Hi John, all,

John:
> I think we have to interpret the term as significant in indicating at once,
> two differing levels.  Social patterns exhibit competing wills, intellect
> frees us from social constraints.  Thus, the will that is free, is a 4th
> level phenomenon and "free" is significant because it clarifies this freedom
> from mere social patterns of predictability and control.  Everybody has a
> will.  But free will, is something gained through intellectual/artistic
> reflection which soars beyond.


Steve:
To summarize my conclusions from all the talk since the spring about
the relationship between free will and the MOQ, I would say that we
ought to distinguish between a (I) metaphysical and a (II)
conventional use of the term "free will."

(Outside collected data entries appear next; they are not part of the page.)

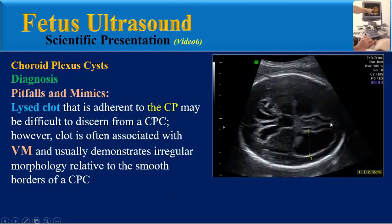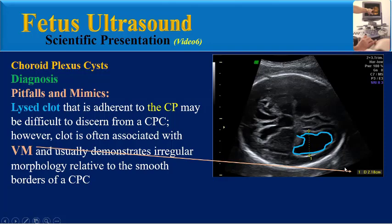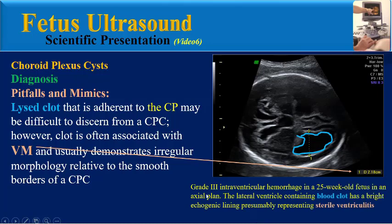Lysed clot adherent to choroid plexus may be difficult to differentiate from a choroid plexus cyst. However, clot is often associated with ventriculomegaly and usually demonstrates irregular morphology relative to the smooth borders of a choroid plexus cyst. This image shows a grade 3 intraventricular hemorrhage. The lateral ventricle containing blood clot has a bright echogenic lining, presumably representing strial ventriculitis.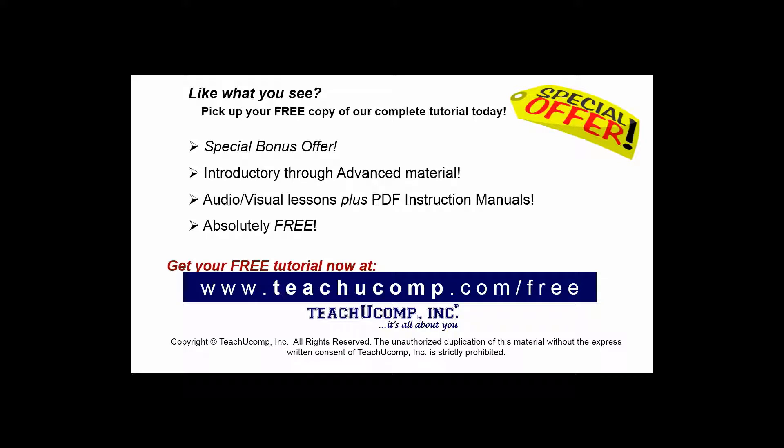Like what you see? Pick up your free copy of the complete tutorial at www.teachucomp.com/free.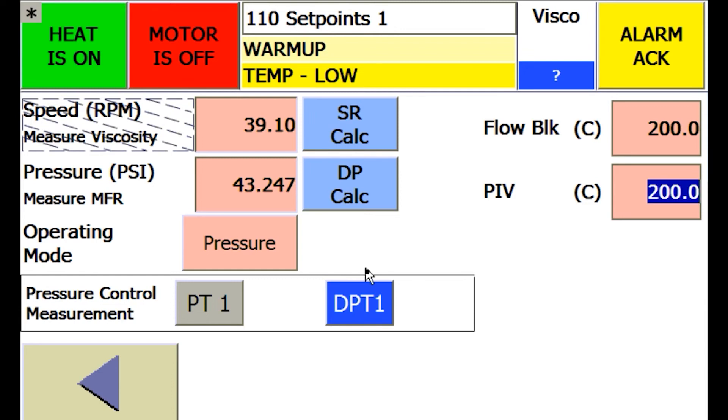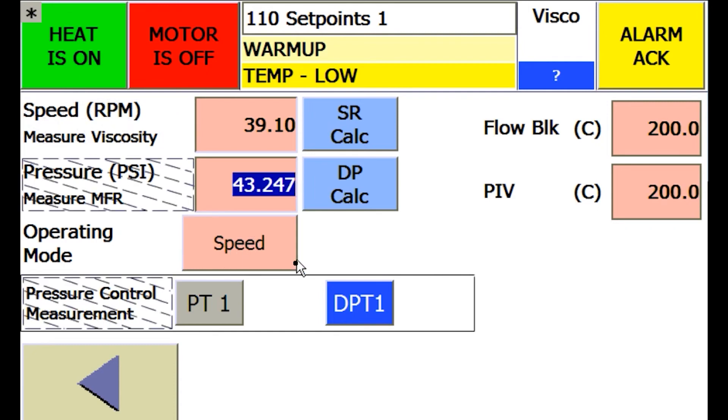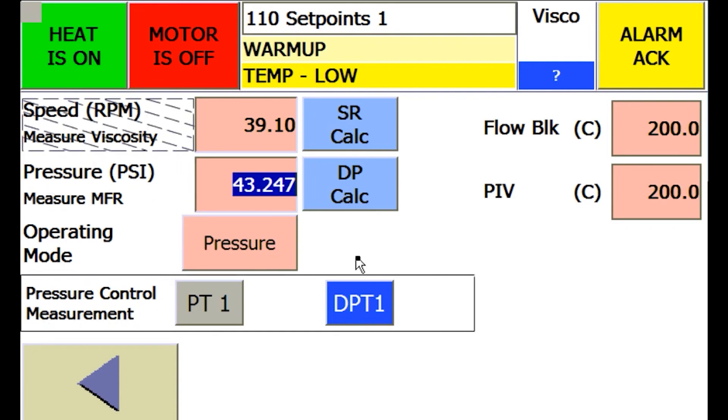The system has two modes of operation, pressure control or speed control. Simply press the mode button to switch between them. Notice that the unused set point of pressure or speed will be hatched to highlight which mode of operation is being used.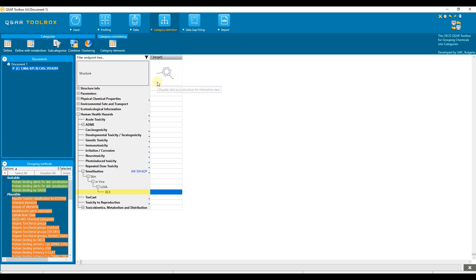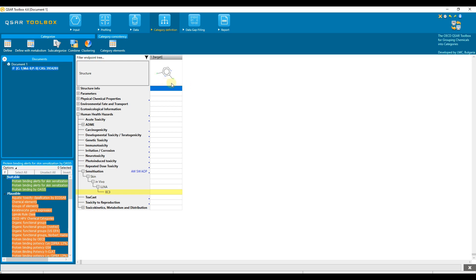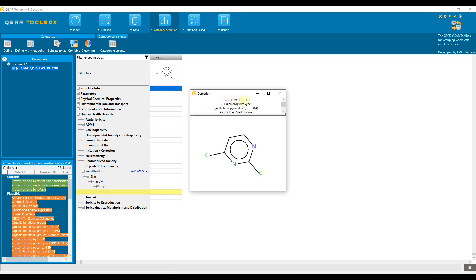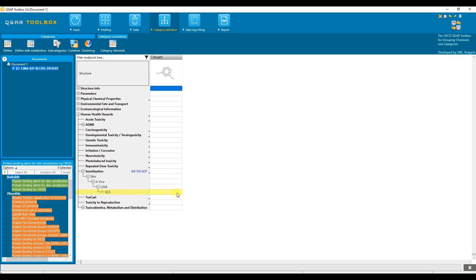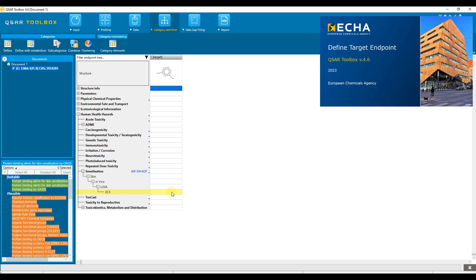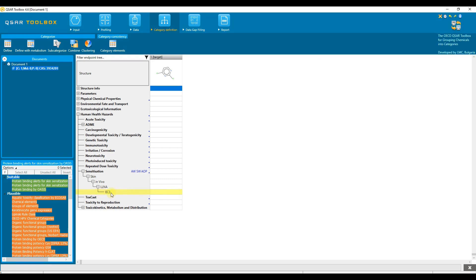How to define a category is going to be demonstrated in this video tutorial. The target chemical has the identification number 3934-20-1. In this example, the target endpoint has already been defined. Please refer to the corresponding tutorial if you want to learn more about the definition of the target endpoint in the QSAR Toolbox. Note that the same functionalities are available when the target endpoint is not defined. The only difference is that relevant profilers and databases will not be highlighted or sorted according to the target endpoint.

I. The traditional dilemma between free will and determinism where the
debate is framed around the self as a metaphysical entity is replaced
in the MOQ with Pirsig's notion of DQ as a sort of freedom (as
expressed in Pirsig's "the extent to which one's behavior
follows..."). In this sense, both of the following seem like
reasonable conclusions to me...
a.) The MOQ denies both horns of the traditional philosophical dilemma
since it rejects the premise upon which that dilemma rests.
b.) Alternatively, one could take Pirsig as accepting the free will
horn while redefining what is meant by free will to the extent that it
is no longer what what originally asked about in the traditional
dilemma. In this new Pirsigian usage of the term as the capacity to
respond to DQ, even rocks and trees and atoms can be said to have free
will as Pirsig said in LC. Further, this capacity is not a matter of
will as a deliberate choice since DQ is said to be primary while
concepts are secondary. (See Pirsig's "hot stove" talk.)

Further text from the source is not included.